TASK DIRECTIONS:
Exactly as they appear below, repeat the lines from the one with "Плата ПК Плата" through the one with "430 PEARL Street|Unit #205 Burlington", and no others.

RECORDS TO PROCESS:
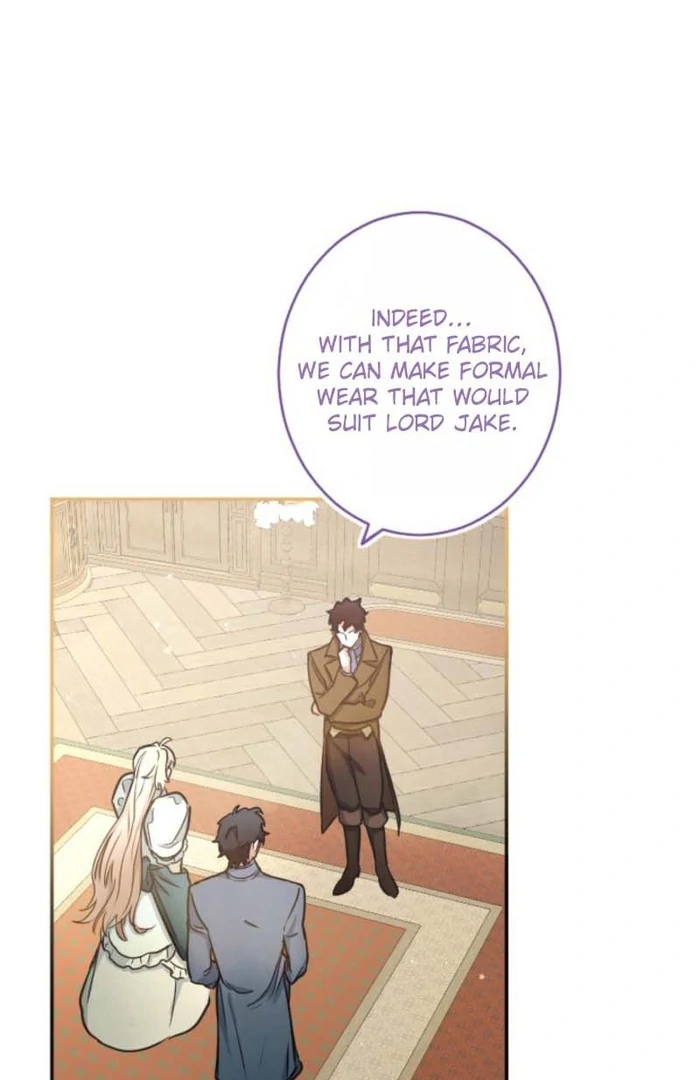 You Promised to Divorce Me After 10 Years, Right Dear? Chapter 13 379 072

* * *

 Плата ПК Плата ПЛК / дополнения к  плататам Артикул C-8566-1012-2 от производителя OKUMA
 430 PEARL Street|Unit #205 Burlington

==

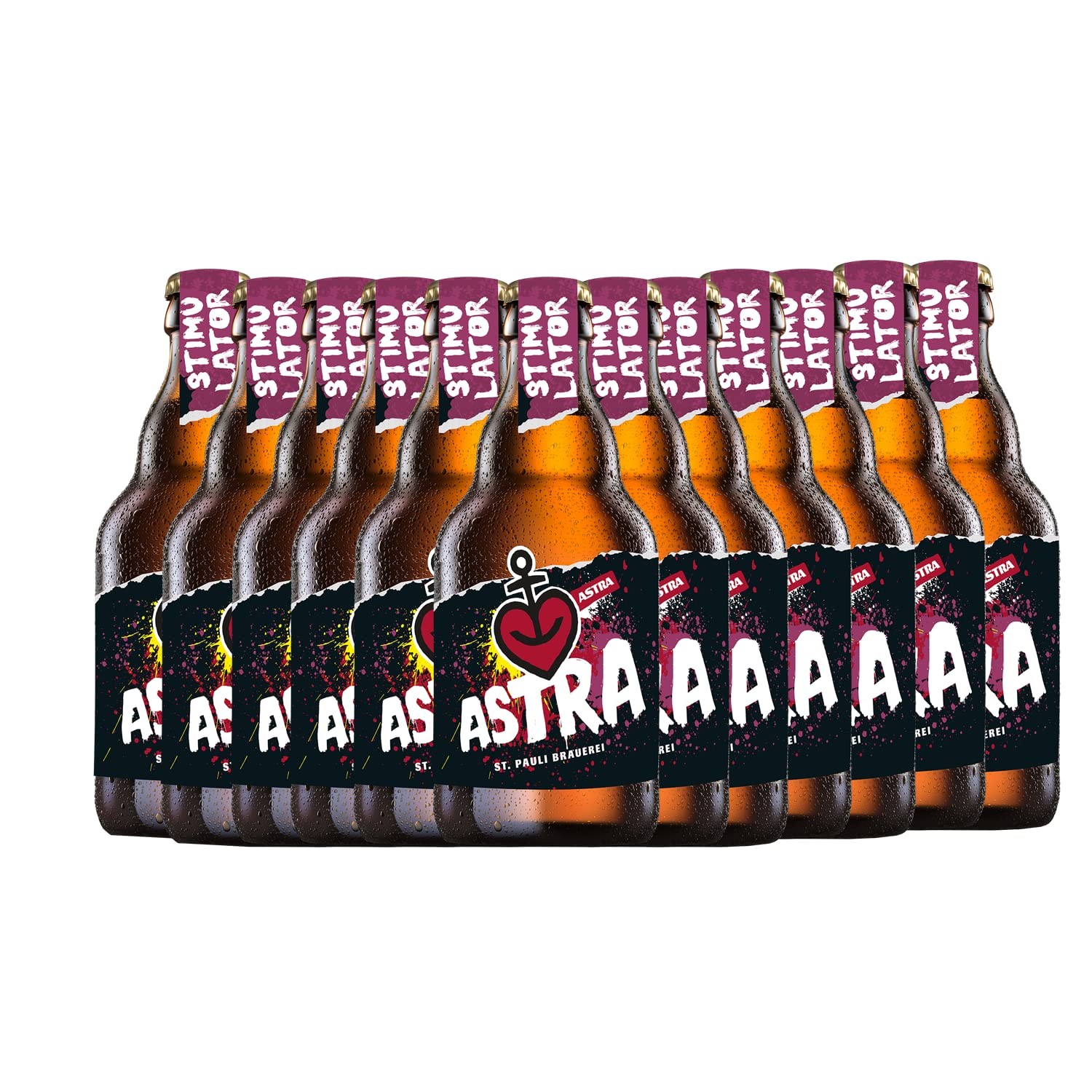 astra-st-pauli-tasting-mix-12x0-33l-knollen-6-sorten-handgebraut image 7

PROBLEM SOLUTION:
 Плата ПК Плата ПЛК / дополнения к  плататам Артикул C-8566-1012-2 от производителя OKUMA
 430 PEARL Street|Unit #205 Burlington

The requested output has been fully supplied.